El mundo necesita a Assange.
El mundo no necesita más
cumbres inútiles, ni más discursos huecos sobre democracia, ni más premios
repartidos entre élites que se felicitan a sí mismas. El mundo necesita a
Assange porque incomoda, porque desarma relatos oficiales y porque demuestra,
con documentos y fechas, que el poder miente cuando nadie lo vigila.
Julian Assange no es un
símbolo abstracto. Es una persona concreta que lleva más de 15 años pagando el
precio de haber hecho periodismo en serio. Desde 2010, cuando WikiLeaks publicó
los Iraq War Logs y los Afghan War Diaries, el mensaje fue claro: quien exponga
los crímenes del poder será castigado, aunque no haya cometido ninguno. Más de
250.000 cables diplomáticos revelaron ejecuciones extrajudiciales, torturas
sistemáticas y mentiras de Estado. La respuesta no fue investigar los hechos,
sino destruir al mensajero.
Assange pasó 7 años
encerrado en la embajada de Ecuador en Londres y 5 años más en la prisión de
máxima seguridad de Belmarsh. Sin condena firme, sin juicio justo y con un
deterioro físico y psicológico documentado por relatores de la ONU, que
hablaron de tortura psicológica prolongada. No es una metáfora. Es un
diagnóstico oficial.
El mensaje político es
nítido. Si publicas la verdad, te aplastamos. Si revelas cómo se mata en tu
nombre, te llamaremos criminal. Si expones la maquinaria de guerra y vigilancia
del capitalismo global, te convertiremos en ejemplo. No para hacer justicia,
sino para generar miedo.
En 2010, el vídeo
Collateral Murder mostró cómo un helicóptero estadounidense asesinaba a civiles
en Bagdad, incluidos dos periodistas de Reuters. La grabación era real. El
crimen estaba documentado. Nadie fue juzgado por los disparos. Quien acabó
perseguido fue quien permitió que el mundo lo viera.
Desde entonces, gobiernos
que se llenan la boca con la palabra libertad han trabajado coordinadamente
para sentar un precedente peligroso. Estados Unidos solicitó la extradición de
Assange bajo la Ley de Espionaje de 1917, una norma pensada para tiempos de
guerra y nunca antes aplicada a un editor. Si ese precedente se consolidaba,
cualquier periodista, en cualquier país, podría ser procesado por publicar
información veraz incómoda para una potencia militar..
Mientras tanto, quienes
defienden a Assange son caricaturizados como radicales, ingenuos o
conspiranoicos. Es la táctica clásica: deslegitimar al defensor para no debatir
el fondo. Pero el fondo es incómodo. Porque obliga a mirar de frente el vínculo
entre democracia formal y violencia estructural.
Assange no encaja porque
no pide permiso, no negocia titulares, no suaviza el lenguaje para hacerlo
digerible. Publica lo que existe. Y eso desnuda la arquitectura real del poder.
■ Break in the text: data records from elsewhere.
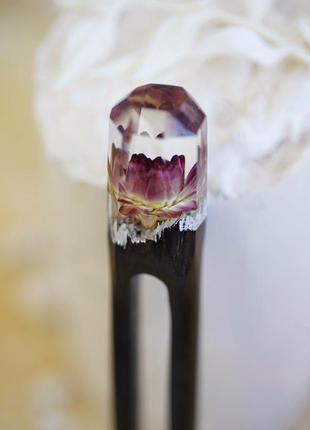 Чорна "оріана" із квіткою геліхрізума, заколка для волосся із деревини та смоли, із гравіюванням1 фото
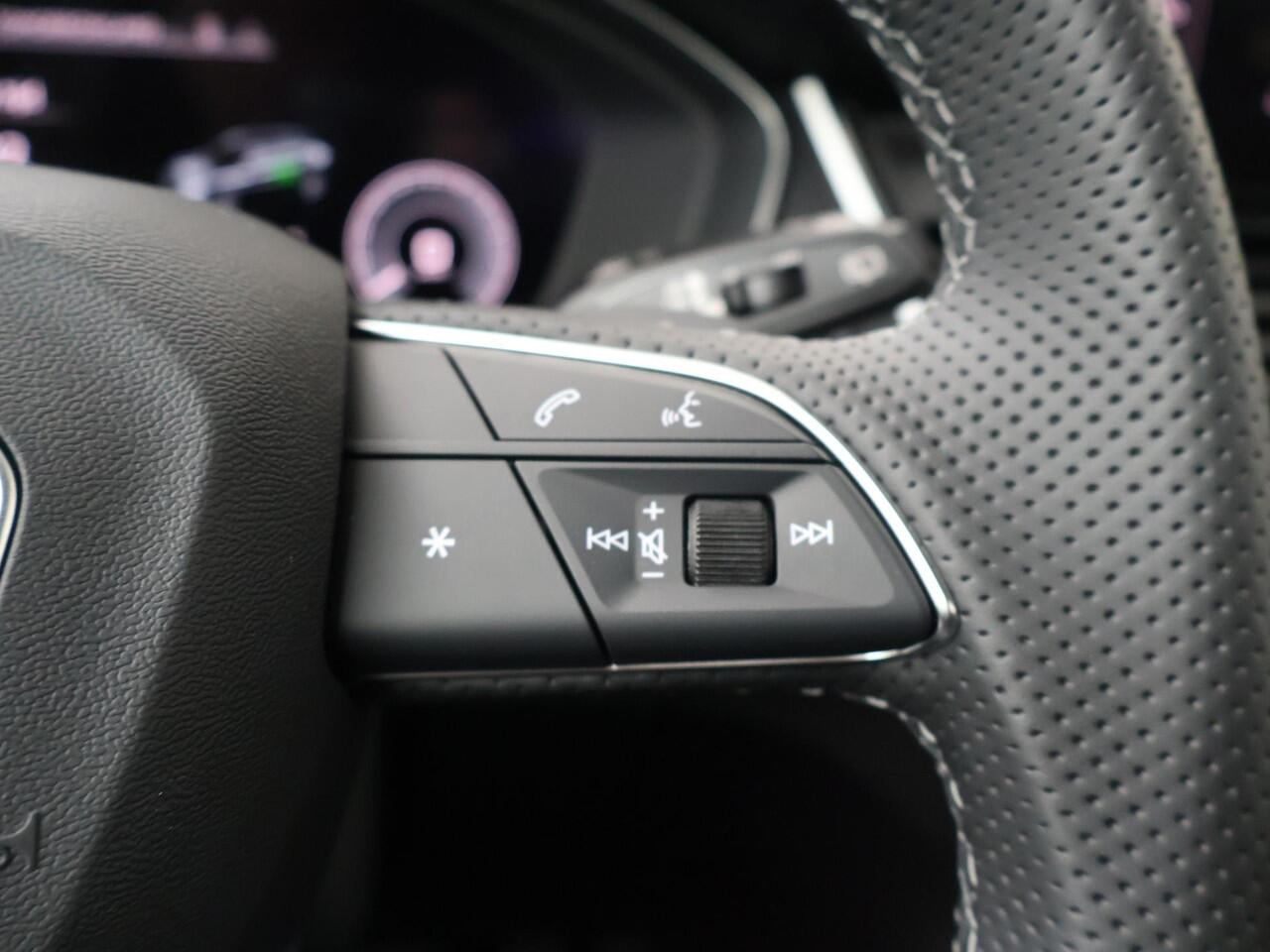 Audi Q5 S edition Competition 50 TFSI e 220 kW / 299 PK | Stoelverwarming | Trekhaak | Keyless Entry | LED | Adaptieve Cruise Control | Elektrische Stoel |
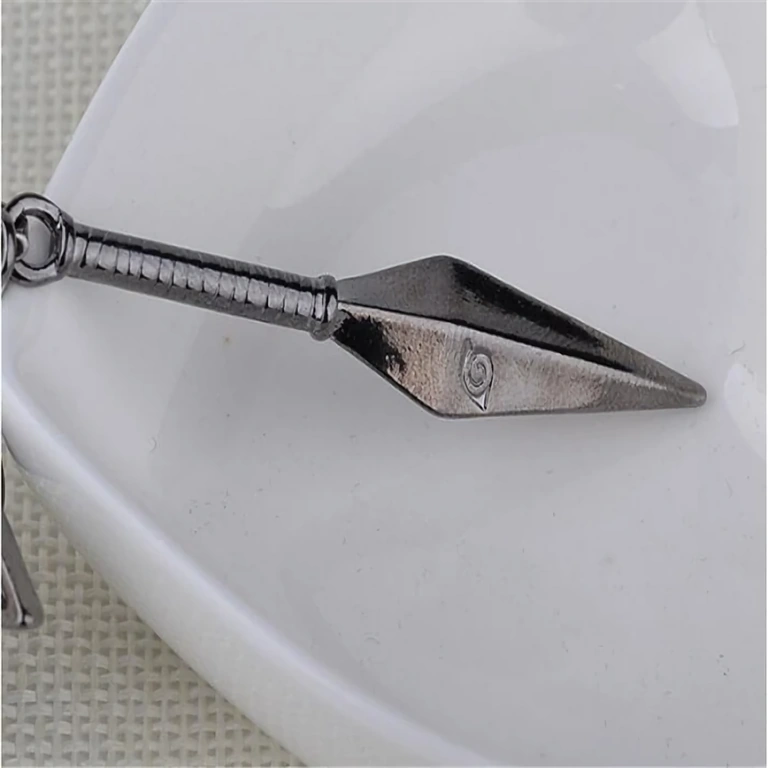 Fém Kunai medál bőrláncon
Guerras ilegales, espionaje masivo, chantaje diplomático, corrupción
estructural.
No es casual que mientras
se encarcela a quien revela crímenes de guerra, se blanquee a quienes los
ordenan. Las y los responsables de invasiones ilegales, de programas de tortura
y de asesinatos selectivos cobran conferencias millonarias y escriben memorias
de éxito. El problema nunca fue la violencia. El problema fue mostrarla.
La persecución contra
Assange ha contado con silencios cómplices. De gobiernos progresistas y
conservadores. De grandes medios que publicaron los cables y luego miraron
hacia otro lado. De instituciones que presumen de derechos humanos mientras
aceptan que un editor se pudra en una celda por hacer su trabajo.
El mundo necesita a
Assange porque necesita saber cómo funciona realmente el poder. Porque sin
filtraciones, sin fuentes protegidas, sin periodistas dispuestos a asumir
riesgos, la democracia se convierte en un decorado. Bonito por fuera. Vacío por
dentro.
No se trata de idolatrar a una persona. Se trata de defender un principio. Que decir la verdad no sea un delito. Que informar no sea equiparado a espiar. Que el periodismo no sea castigado como si fuera terrorismo.